Sometimes you get lucky, and sometimes you really get lucky. This was one of those days.
The playlist is archived at Apple Music https://music.apple.com/us/playlist/kmno-cod-20-1129/pl.u-EdAVVK3sNy0q1
Rachmaninoff & Barber Cello Sonatas (Delos 2020)
Jonah Kim, cello; Sean Kennard, piano
- Rachmaninoff, Sonata for Piano and Violoncello Op. 19: II: Allegro scherzando
- Barber, Sonata for Violoncello and Piano, op. 6, II. Adagio, Presto, di nuovo Adagio
The cellist Jonah Kim, whose lower register evokes the lordly buzz of the double bass.
Sean Kennard's touch on the keyboard is as lucid as it is energized.
Philip Glass and Tenzin Choegyal: The Last Dalai Lama? (OMM 2020)
- Grand Welcome
- Snow Lion
Music from the top of the world, vibrant with open-throated chant flung out into a rumbling, humming cosmos. That goes for the "Grand Welcome," anyhow; but "Snow Lion" is something else again, a folk melody gruff and fierce in its articulation, yet steeped in a gentle nostalgia. Before it's over, you might find yourself singing along.
Once an outsider, the octogenarian Philip Glass is so omnipresent in our contemporary soundscape that it's an astonishment to hear his voice anew as if for the first time.
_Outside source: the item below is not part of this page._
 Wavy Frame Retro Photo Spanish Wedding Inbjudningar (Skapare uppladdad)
His confederate here is Tenzin Choegyal, from a family of Tibetan nomads, who describes himself as an artist, composer, activist, and cultural ambassador.
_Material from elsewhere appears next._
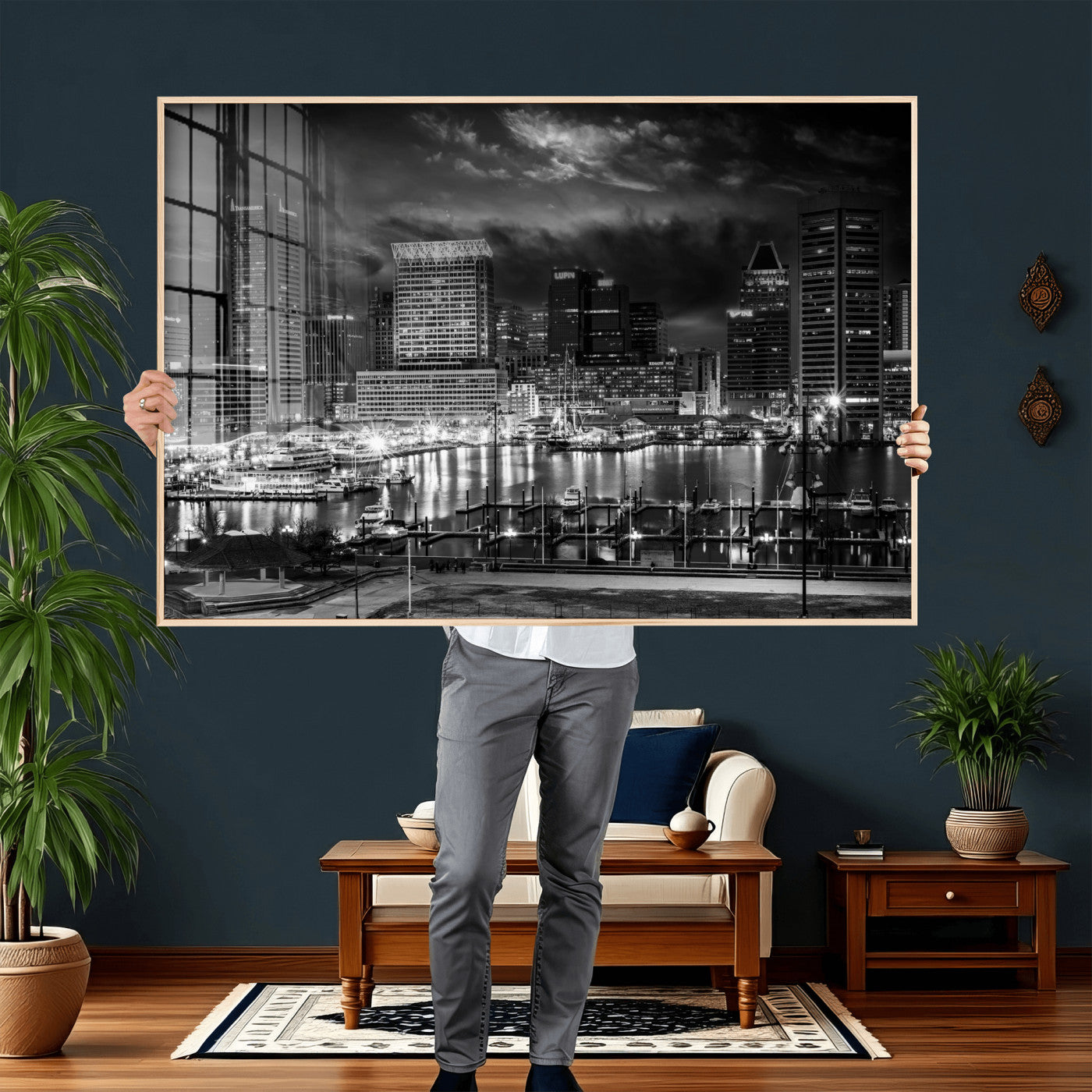 79755655-MGV-CV-36X24 - Baltimore Skyline Wall Art Canvas Print, Baltimore Downtown Night Cityscape Print for Modern Urban Wall Decor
Curious how Glass and Choegyal found their groove, I contacted my old friend Richard Guérin, who has been running Glass's record labels for many years. Little did I expect how eye-opening and detailed a note I would receive in reply, though come to think of it I should have known. Richard's powers of observation are sharp, he thinks for himself, and his mind cuts through the chatter of controversy as surely as Alexander's sword slashed the Gordian Knot. If he profounds contrarian views, and that's not unusual, it's never for the sake of striking a pose. With Richard's permission, I'm sharing his latest communication in a separate post, very slightly crunched for space. I think you'll find it well worth your attention.
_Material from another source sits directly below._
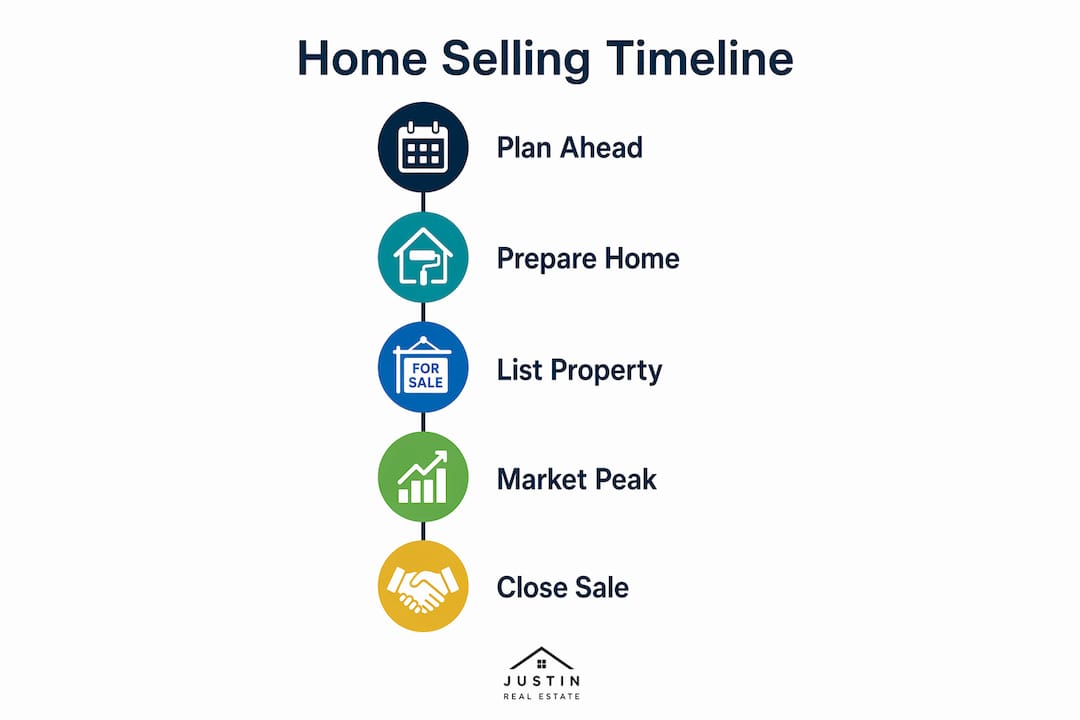 Infographic showing home selling timeline steps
Bonita Boyd, flute; Steven Doane, cello; Barry Snyder, piano
- Carl Maria von Weber, Trio for Piano, Flute & Cello in G Minor, Op. 63
- Allegro moderato
- Schäfers Klage
Weber's greatest hits are his Gothic thriller Der Freischütz, which kick-started romantic opera, and Invitation to the Dance, that irresistible rondo for piano so thrillingly orchestrated by Hector Berlioz and choreographed for Vaclav Nijinsky and Tamara Karsavina by Michael Fokine. Dig further into Weber's catalogue and you will rarely be disappointed, certainly not by this inventive and melodious trio, with its tinge of the supernatural, its terpsichorean flair, and its notes of the bucolic. The performance is delightful, with the breath of the flute opening out air and space around the more compact sonorities of piano and cello. For the record, the program also includes lesser-known fare by Bohuslav Martinů, Philippe Gaubert, Jean-Michel Damase.
And there was more...
Ian Venables: Requiem (SOMM 2020)
The Choir Of Gloucester Cathedral
Jonathan Hope, organ; Adrian Partington, director
- Agnes Dei
- Libera me
In music and the visual arts, the apocalyptic passages of the Requiem's Church Latin text routinely inspires apocalyptic equivalents. This contemporary British setting sidesteps universal fire and brimstone (no "Dies irae"!) the better to contemplate Last Things in a context of private loss. The idiom seems calculated to anchor the performers as well as the community of bereft faithful to which they belong. Even so, the "Agnus Dei" sounds an unusually introspective, brooding chord. To start with, the marginally more dramatic cut of the "Libera me" falls short of the panic inherent in the poetry, but the death march that ensues generates a certain grim majesty.
Franz Schubert: 3 Sonatas (1816) (Athene 2020)
Peter Sheppard Skaerved, violin; Julian Perkins, piano
- Sonata No. 1 for Violin and Piano in D Major, D384
I: Allegro molto
III: Allegro vivace
Three months shy of his 18th birthday, Franz Schubert tossed off (in a single day) the song "Gretchen am Spinnrade," excerpted from Goethe's Faust. The erotic turbulence of the four-minute monologue astonishes to this day. Penned a year and a half later, this naively Mozartian exercise for violin and piano suggests a younger, far less daring talent. The performance it receives here is in keeping with the music's modesty.
Geoffrey Allen: Music for Woodwinds (Métier 2020)
- Pastorale, Op. 34 No. 1
Katherine Walpole, bassoon; David Wickham, piano
A gracefully rocking lullaby, its melody somewhat improbably entrusted to the bassoon, which moos in the low register like a lyrical heifer blissfully chewing the cud.